Le maire de Bécancour, Jean-Guy Dubois.

Jean-Guy Dubois: «Je veux me rendre à la pelle»

Même si son discours se voulait officiellement une mise à jour économique, le maire de Bécancour, Jean-Guy Dubois, aura néanmoins dévoilé mercredi une partie de son programme électoral, à cinq mois du scrutin qui l'opposera à la directrice générale de la Chambre de commerce et d'industrie du Coeur-du-Québec, Martine Pepin.
Traditionnellement organisé par cet organisme, ce déjeuner a exceptionnellement été présenté par la Ville, tout en profitant de la liste d'envoi de la CCICQ pour faire les invitations. Sa présidente, Chantal Lafond, était d'ailleurs présente à l'Auberge Godefroy, ainsi que plusieurs maires et représentants d'organismes tels que Innovation et Développement économique Trois-Rivières, une implication qui, rappelons-le, fut décriée par l'aspirante à la mairie lors de l'annonce de sa candidature.
Or, le conférencier du jour a consacré une partie importante de son allocution à justifier le recours à IDE Trois-Rivières, au début de 2016, pour du démarchage. 
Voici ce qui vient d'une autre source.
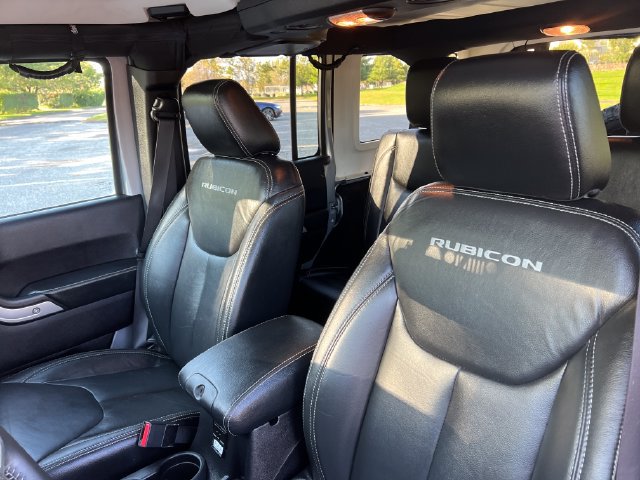 Used 2016 Jeep Wrangler Unlimited Rubicon AWD/4WD image 18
Dix-huit mois plus tard, trois ressources sont affectées au territoire de Bécancour. «Il fallait le faire, au lieu de tirer chacun de son côté, car nous partageons la même zone économique naturelle», a-t-il expliqué.
Déjà, celui-ci estime que l'intervention d'IDE Trois-Rivières en matière de prospection est liée à 22 projets de PME, dont deux «très probables» qui pourraient créer 25 emplois pour des investissements de 25 millions de dollars.
Par ailleurs, le maire Dubois envisage non seulement la construction d'un incubateur en technologies environnementales dans le parc Jean Demers d'ici au printemps 2018, au coût de 6,6 millions de dollars, mais il a aussi annoncé un projet de motel industriel dans le même secteur, au montant de 4,8 millions de dollars.
Dans le premier cas, «il y a du travail qui se fait», a-t-il indiqué, évoquant l'implication d'une chaire de recherche de l'UQTR et l'intérêt d'un organisme de financement fédéral.
«J'espère avoir la chance de vous l'annoncer», a-t-il avoué. D'ailleurs, s'il sollicite un autre mandat de quatre ans à la mairie, c'est pour faire entrer Bécancour dans la révolution industrielle 4.2, soit celle des technologies de l'environnement. «Je veux me rendre à la pelle», a lancé le premier magistrat.
Alors que ce virage vient de s'amorcer avec la venue des PureSphera, Airex et Arpac, Jean-Guy Dubois déplore d'autant plus que l'aventure d'Oriens Technologies vient de se solder par un échec. «Je souhaite que ce projet soit récupéré», a-t-il confié.
De plus, ce dernier a rappelé les 60 millions de dollars investis «sans pelle ni ruban» par les entreprises du parc industriel de Bécancour en 2016 ainsi que les grands projets en gestation, au nombre de sept.
Finalement, le maire Dubois est heureux de constater qu'après le chantier économique réalisé en début de mandat, les différentes organisations du territoire travaillent davantage ensemble. «On a du chemin de fait», a-t-il conclu devant quelque 80 personnes.